Spark Strraming 示意图展示
可以看出Spark Streaming只是做了中间对数据的处理的部分。
可以看出spark生态圈中有相互支持的组件,在计算时可以相互整合,大大的增加开发的效率与能力。
什么是DStream
Discretized Stream是Spark Streaming的基础抽象,代表持续性的数据流和经过各种Spark原语操作后的结果数据流。在内部实现上,DStream是一系列连续的RDD来表示。每个RDD含有一段时间间隔内的数据,如下图:
对数据的操作也是按照RDD为单位来进行的
计算过程由Spark engine来完成
1-1) 、DStream相关操作
DStream上的原语与RDD的类似,分为Transformations(转换)和Output Operations(输出)两种,此外转换操作中还有一些比较特殊的原语,如:updateStateByKey()、transform()以及各种Window相关的原语。

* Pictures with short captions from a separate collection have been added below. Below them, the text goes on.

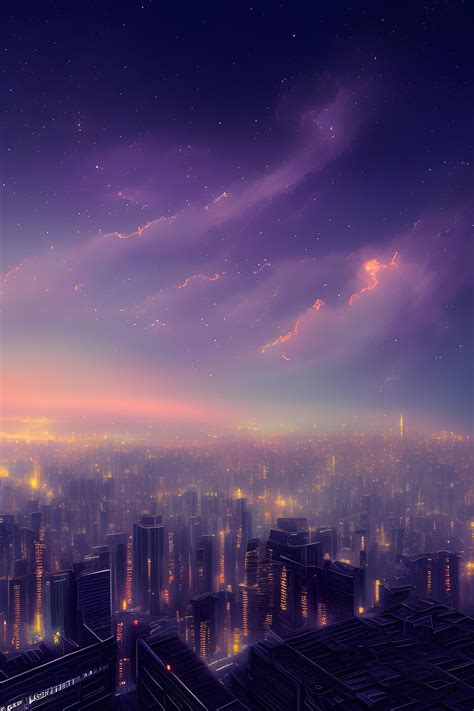 Beautiful city night sky | Wallpapers.ai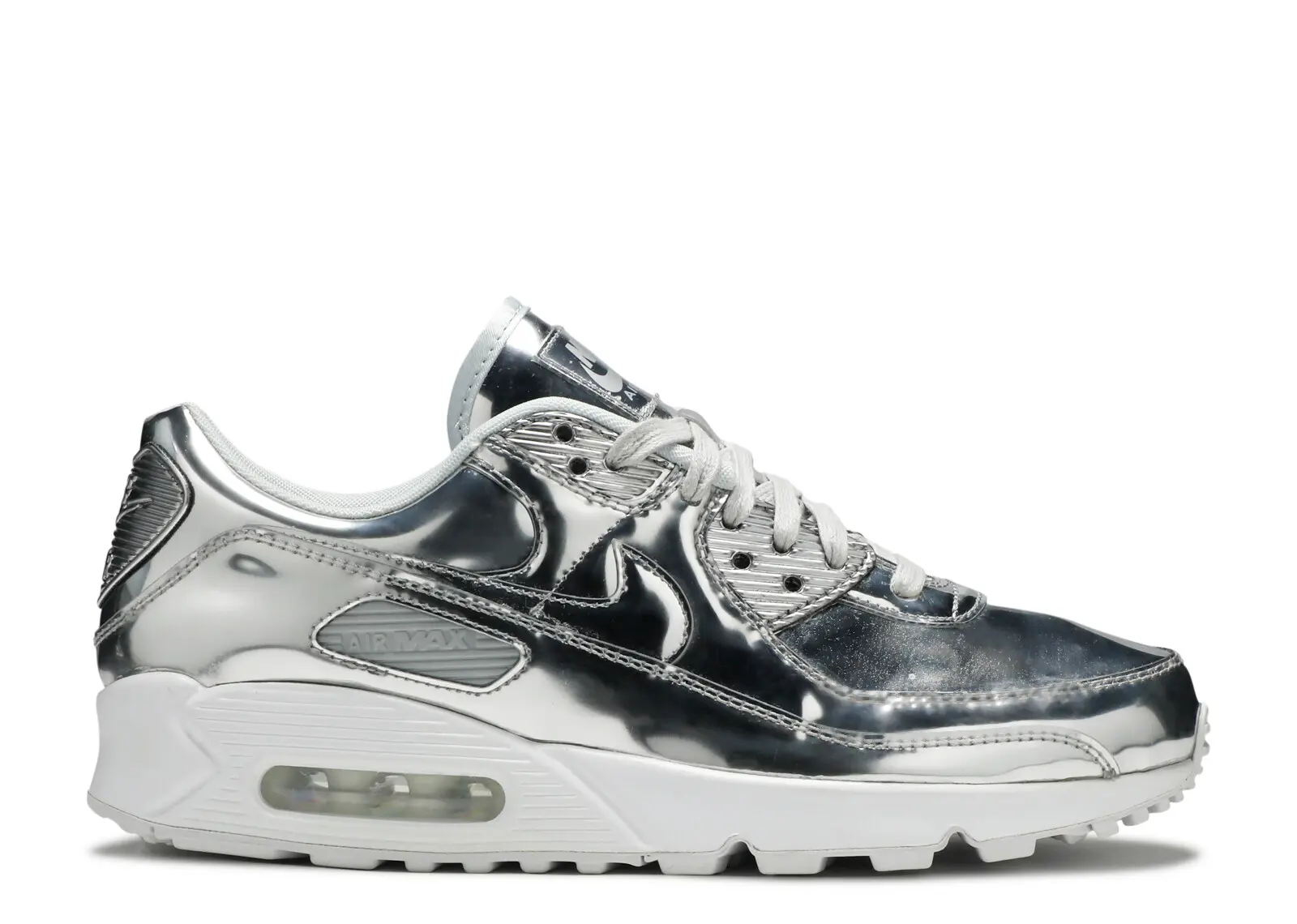 Women's Nike Air Max 90 SP Chrome/Chrome-Pure Platinum (CQ6639 001) - 6.5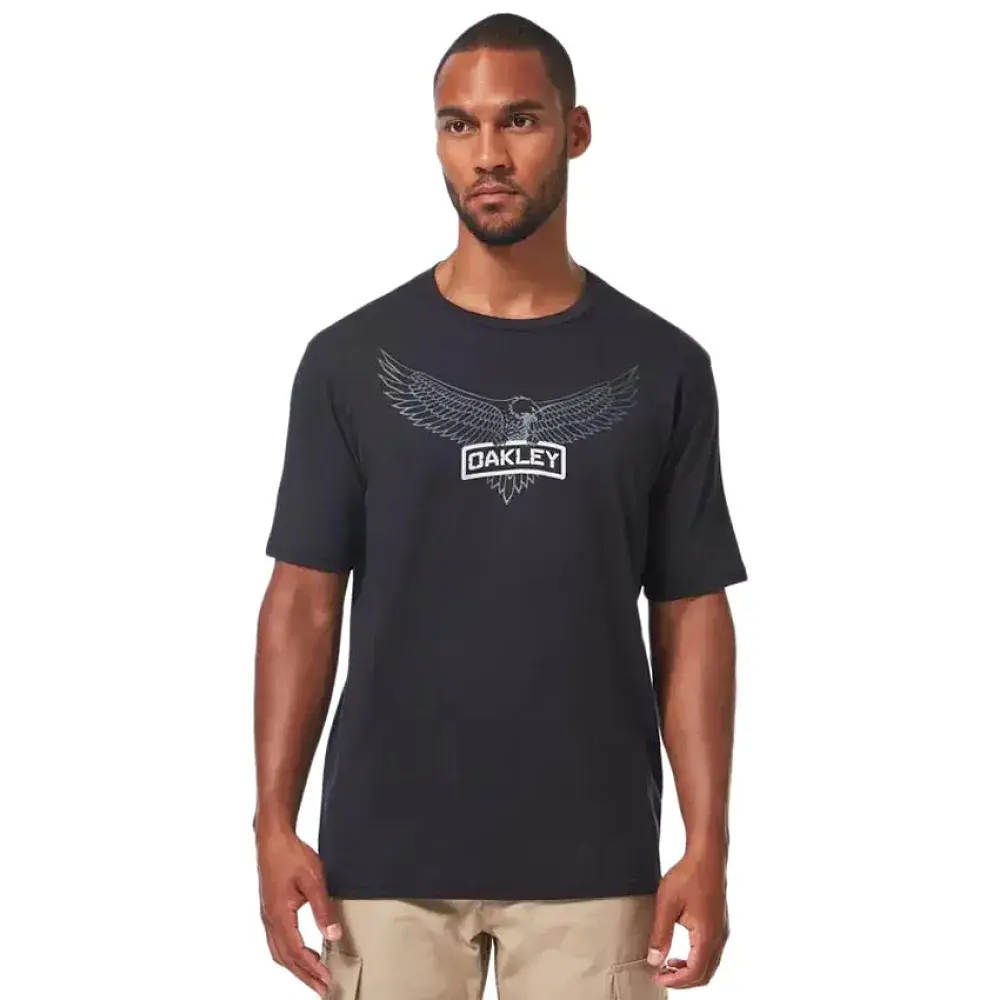 Футболка Oakley Si Oakley Eagle Tab Tee M black - фото 3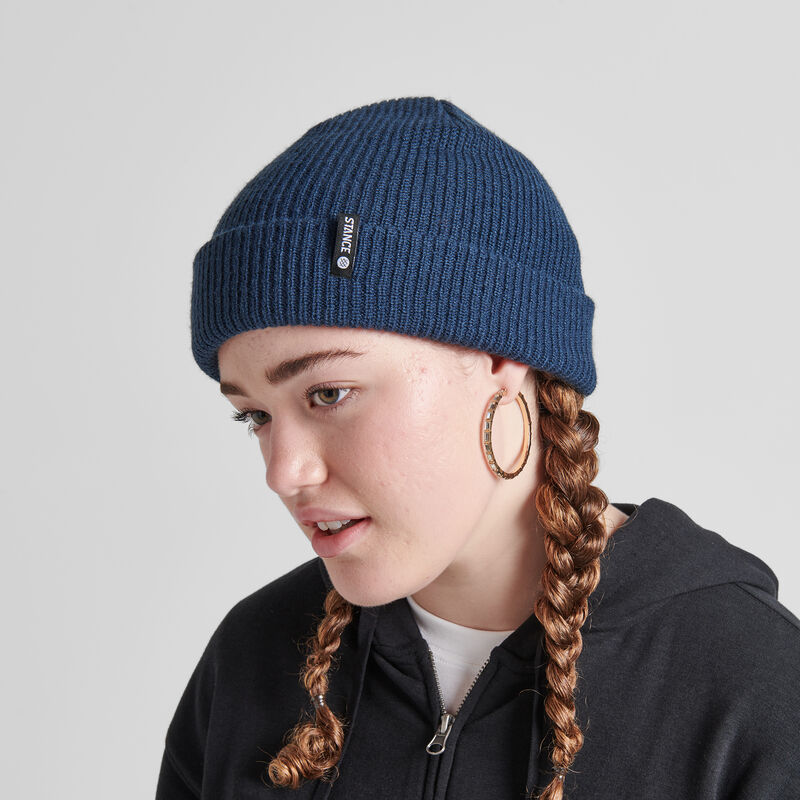 STANDARD SHALLOW BEANIE| A261C21STA | NAVY | OS image number 2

1-2)、Transformations on DStreams
reduce(func) | Return a new DStream of single-element RDDs by aggregating the elements in each RDD of the source DStream using a function func (which takes two arguments and returns one). The function should be associative so that it can be computed in parallel. |
countByValue() | When called on a DStream of elements of type K, return a new DStream of (K, Long) pairs where the value of each key is its frequency in each RDD of the source DStream. |
reduceByKey(func, [numTasks]) | When called on a DStream of (K, V) pairs, return a new DStream of (K, V) pairs where the values for each key are aggregated using the given reduce function. Note: By default, this uses Spark's default number of parallel tasks (2 for local mode, and in cluster mode the number is determined by the config property spark.default.parallelism) to do the grouping. You can pass an optional numTasks argument to set a different number of tasks. |
join(otherStream, [numTasks]) | When called on two DStreams of (K, V) and (K, W) pairs, return a new DStream of (K, (V, W)) pairs with all pairs of elements for each key. |
cogroup(otherStream, [numTasks]) | When called on a DStream of (K, V) and (K, W) pairs, return a new DStream of (K, Seq[V], Seq[W]) tuples. |
transform(func) | Return a new DStream by applying a RDD-to-RDD function to every RDD of the source DStream. This can be used to do arbitrary RDD operations on the DStream. |
updateStateByKey(func) | Return a new "state" DStream where the state for each key is updated by applying the given function on the previous state of the key and the new values for the key. This can be used to maintain arbitrary state data for each key. |
1-3) 、特殊的Transformations
- UpdateStateByKey Operation
UpdateStateByKey原语用于记录历史记录,上文中Word Count示例中就用到了该特性。若不用UpdateStateByKey来更新状态,那么每次数据进来后分析完成后,结果输出后将不在保存
- Transform Operation
Transform原语允许DStream上执行任意的RDD-to-RDD函数。通过该函数可以方便的扩展Spark API。此外,MLlib(机器学习)以及Graphx也是通过本函数来进行结合的。
- Window Operations
Window Operations有点类似于Storm中的State,可以设置窗口的大小和滑动窗口的间隔来动态的获取当前Steaming的允许状态
reduceByKeyAndWindow(_+_,_-_, Seconds(6), Seconds(10)) 传递了两个函数,对性能进行了优化,主要是获取了之前的数据,在进行下一个计算,提高了运算的效率与速度。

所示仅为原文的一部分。